Aim of the exercise: Output each entry that follows exactly. Images stay out.

(Beginning of Dataset excerpts)

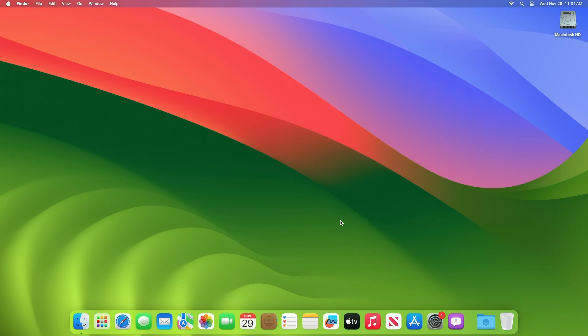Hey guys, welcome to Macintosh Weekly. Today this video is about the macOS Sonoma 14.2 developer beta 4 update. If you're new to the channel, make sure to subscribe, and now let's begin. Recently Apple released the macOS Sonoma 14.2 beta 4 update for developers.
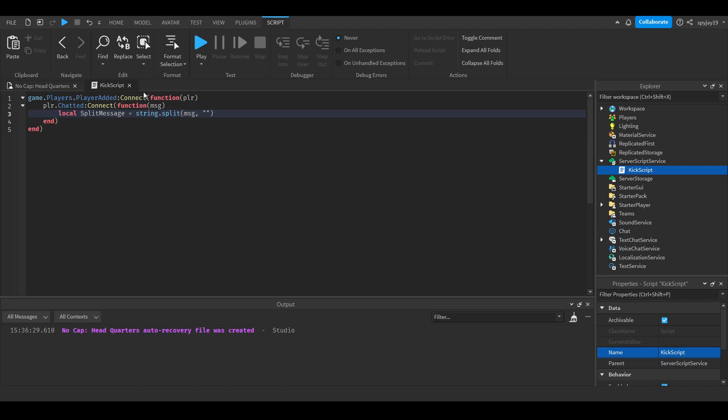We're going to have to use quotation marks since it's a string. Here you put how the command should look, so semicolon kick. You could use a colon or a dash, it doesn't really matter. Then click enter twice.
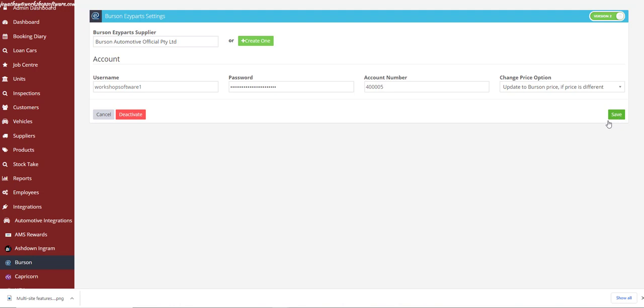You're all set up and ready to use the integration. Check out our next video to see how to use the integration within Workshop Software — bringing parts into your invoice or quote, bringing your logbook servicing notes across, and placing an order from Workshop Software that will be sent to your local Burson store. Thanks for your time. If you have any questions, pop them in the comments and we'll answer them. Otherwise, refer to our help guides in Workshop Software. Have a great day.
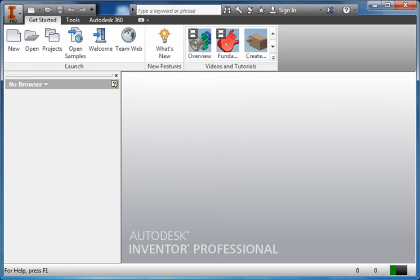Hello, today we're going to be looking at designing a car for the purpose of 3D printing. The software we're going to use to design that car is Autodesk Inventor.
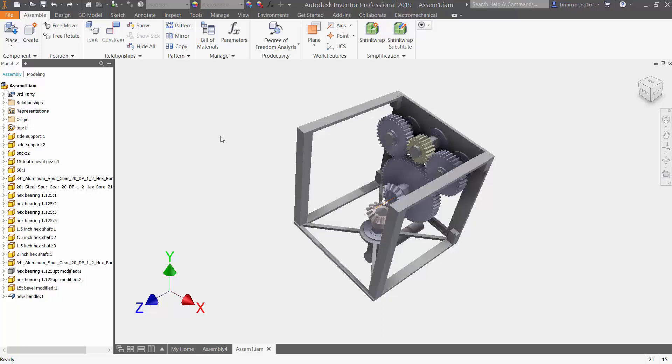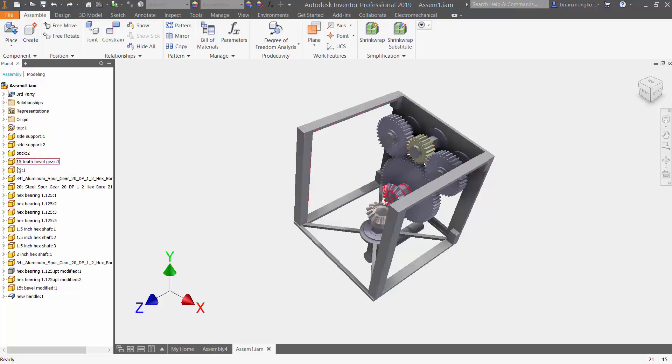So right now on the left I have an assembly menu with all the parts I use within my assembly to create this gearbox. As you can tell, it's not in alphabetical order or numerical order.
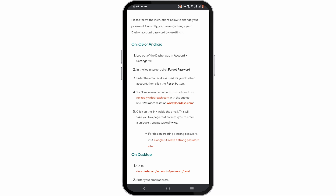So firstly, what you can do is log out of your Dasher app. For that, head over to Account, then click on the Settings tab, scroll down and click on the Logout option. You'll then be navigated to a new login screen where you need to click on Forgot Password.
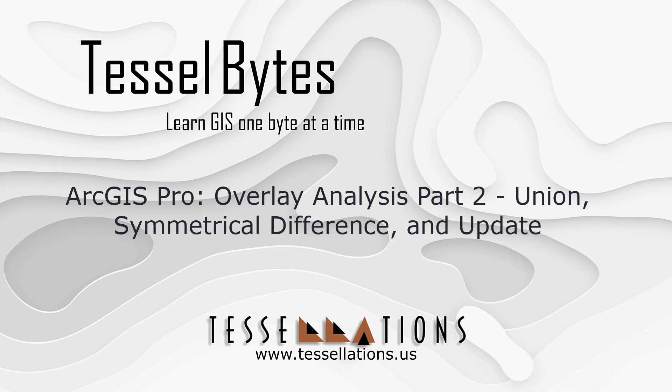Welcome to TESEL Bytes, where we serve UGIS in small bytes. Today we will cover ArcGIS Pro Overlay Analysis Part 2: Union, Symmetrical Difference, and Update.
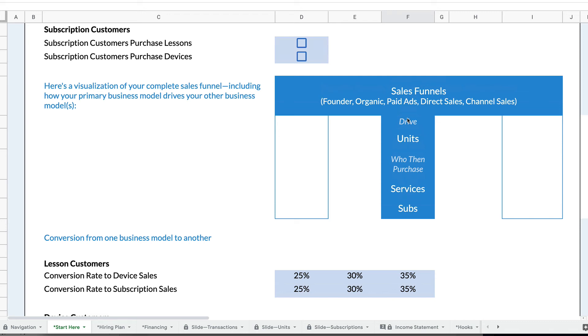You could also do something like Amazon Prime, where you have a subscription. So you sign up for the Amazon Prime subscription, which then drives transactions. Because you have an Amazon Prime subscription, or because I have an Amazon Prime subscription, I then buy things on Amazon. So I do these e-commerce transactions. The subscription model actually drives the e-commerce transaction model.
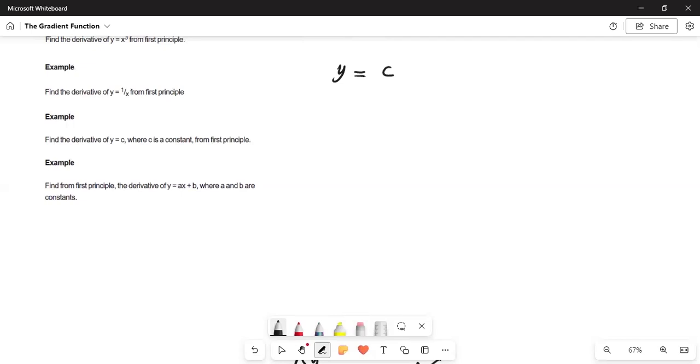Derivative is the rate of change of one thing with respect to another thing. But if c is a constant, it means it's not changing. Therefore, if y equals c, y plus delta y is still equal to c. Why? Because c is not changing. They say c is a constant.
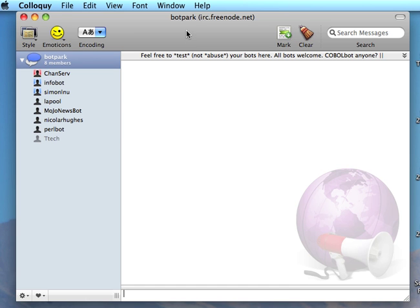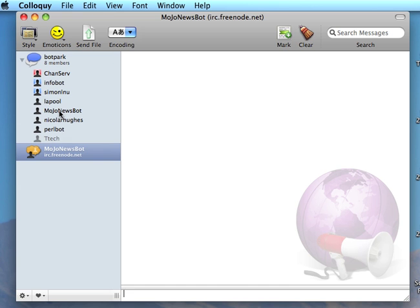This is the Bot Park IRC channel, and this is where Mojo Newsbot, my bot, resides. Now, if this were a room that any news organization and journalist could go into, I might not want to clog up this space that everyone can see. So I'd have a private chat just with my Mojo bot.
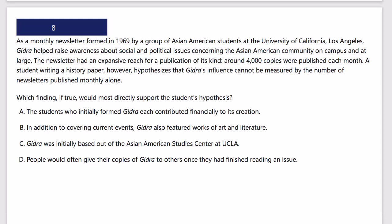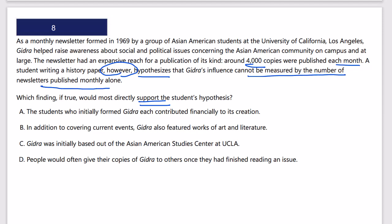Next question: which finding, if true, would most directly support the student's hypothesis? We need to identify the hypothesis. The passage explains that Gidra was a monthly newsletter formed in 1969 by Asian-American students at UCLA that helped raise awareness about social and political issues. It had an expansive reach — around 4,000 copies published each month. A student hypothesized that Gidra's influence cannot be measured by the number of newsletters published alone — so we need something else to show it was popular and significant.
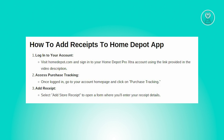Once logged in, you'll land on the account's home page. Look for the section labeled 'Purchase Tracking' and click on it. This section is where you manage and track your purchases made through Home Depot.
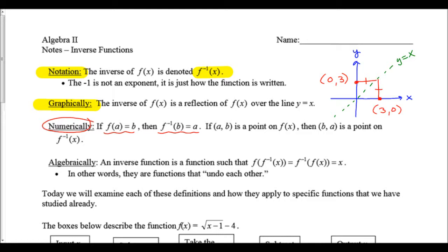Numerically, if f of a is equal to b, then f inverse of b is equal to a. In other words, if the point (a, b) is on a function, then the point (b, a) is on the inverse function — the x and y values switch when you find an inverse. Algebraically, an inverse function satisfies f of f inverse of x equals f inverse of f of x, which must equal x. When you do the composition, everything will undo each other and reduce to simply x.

(End of Dataset excerpts)

Result of the task:
Hey guys, welcome to Macintosh Weekly. Today this video is about the macOS Sonoma 14.2 developer beta 4 update. If you're new to the channel, make sure to subscribe, and now let's begin. Recently Apple released the macOS Sonoma 14.2 beta 4 update for developers.
We're going to have to use quotation marks since it's a string. Here you put how the command should look, so semicolon kick. You could use a colon or a dash, it doesn't really matter. Then click enter twice.
You're all set up and ready to use the integration. Check out our next video to see how to use the integration within Workshop Software — bringing parts into your invoice or quote, bringing your logbook servicing notes across, and placing an order from Workshop Software that will be sent to your local Burson store. Thanks for your time. If you have any questions, pop them in the comments and we'll answer them. Otherwise, refer to our help guides in Workshop Software. Have a great day.
Hello, today we're going to be looking at designing a car for the purpose of 3D printing. The software we're going to use to design that car is Autodesk Inventor.
So right now on the left I have an assembly menu with all the parts I use within my assembly to create this gearbox. As you can tell, it's not in alphabetical order or numerical order.
So firstly, what you can do is log out of your Dasher app. For that, head over to Account, then click on the Settings tab, scroll down and click on the Logout option. You'll then be navigated to a new login screen where you need to click on Forgot Password.
Welcome to TESEL Bytes, where we serve UGIS in small bytes. Today we will cover ArcGIS Pro Overlay Analysis Part 2: Union, Symmetrical Difference, and Update.
You could also do something like Amazon Prime, where you have a subscription. So you sign up for the Amazon Prime subscription, which then drives transactions. Because you have an Amazon Prime subscription, or because I have an Amazon Prime subscription, I then buy things on Amazon. So I do these e-commerce transactions. The subscription model actually drives the e-commerce transaction model.
Derivative is the rate of change of one thing with respect to another thing. But if c is a constant, it means it's not changing. Therefore, if y equals c, y plus delta y is still equal to c. Why? Because c is not changing. They say c is a constant.
This is the Bot Park IRC channel, and this is where Mojo Newsbot, my bot, resides. Now, if this were a room that any news organization and journalist could go into, I might not want to clog up this space that everyone can see. So I'd have a private chat just with my Mojo bot.
Next question: which finding, if true, would most directly support the student's hypothesis? We need to identify the hypothesis. The passage explains that Gidra was a monthly newsletter formed in 1969 by Asian-American students at UCLA that helped raise awareness about social and political issues. It had an expansive reach — around 4,000 copies published each month. A student hypothesized that Gidra's influence cannot be measured by the number of newsletters published alone — so we need something else to show it was popular and significant.
Once logged in, you'll land on the account's home page. Look for the section labeled 'Purchase Tracking' and click on it. This section is where you manage and track your purchases made through Home Depot.
Numerically, if f of a is equal to b, then f inverse of b is equal to a. In other words, if the point (a, b) is on a function, then the point (b, a) is on the inverse function — the x and y values switch when you find an inverse. Algebraically, an inverse function satisfies f of f inverse of x equals f inverse of f of x, which must equal x. When you do the composition, everything will undo each other and reduce to simply x.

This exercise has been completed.